Brief:
Word for word, retype the tail of the data below, starting with the line that has "SCHOOL OF LIFE small pleasures cards" and including the last line.

Provided material:

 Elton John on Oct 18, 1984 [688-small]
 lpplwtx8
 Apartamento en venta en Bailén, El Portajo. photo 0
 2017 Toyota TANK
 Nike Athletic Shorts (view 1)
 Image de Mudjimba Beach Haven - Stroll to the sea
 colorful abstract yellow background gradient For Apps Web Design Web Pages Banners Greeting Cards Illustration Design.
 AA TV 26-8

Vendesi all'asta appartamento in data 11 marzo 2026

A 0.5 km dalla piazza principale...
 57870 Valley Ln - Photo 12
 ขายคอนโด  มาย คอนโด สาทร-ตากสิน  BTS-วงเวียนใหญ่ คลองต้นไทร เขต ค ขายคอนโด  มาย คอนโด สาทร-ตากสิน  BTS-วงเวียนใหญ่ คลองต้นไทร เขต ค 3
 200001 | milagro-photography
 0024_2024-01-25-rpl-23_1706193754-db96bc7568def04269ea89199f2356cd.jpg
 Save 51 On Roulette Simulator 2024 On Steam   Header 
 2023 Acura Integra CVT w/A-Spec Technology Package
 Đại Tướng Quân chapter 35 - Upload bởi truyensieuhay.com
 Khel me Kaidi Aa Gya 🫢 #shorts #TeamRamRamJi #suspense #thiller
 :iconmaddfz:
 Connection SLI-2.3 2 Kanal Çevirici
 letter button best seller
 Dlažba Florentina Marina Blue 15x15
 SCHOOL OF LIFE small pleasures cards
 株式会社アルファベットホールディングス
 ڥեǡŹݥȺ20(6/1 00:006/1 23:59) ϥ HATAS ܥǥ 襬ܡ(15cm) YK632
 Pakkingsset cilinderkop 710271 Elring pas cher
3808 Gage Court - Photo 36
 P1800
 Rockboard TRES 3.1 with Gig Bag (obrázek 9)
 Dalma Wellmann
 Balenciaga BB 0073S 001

Written response:
 SCHOOL OF LIFE small pleasures cards
 株式会社アルファベットホールディングス
 ڥեǡŹݥȺ20(6/1 00:006/1 23:59) ϥ HATAS ܥǥ 襬ܡ(15cm) YK632
 Pakkingsset cilinderkop 710271 Elring pas cher
3808 Gage Court - Photo 36
 P1800
 Rockboard TRES 3.1 with Gig Bag (obrázek 9)
 Dalma Wellmann
 Balenciaga BB 0073S 001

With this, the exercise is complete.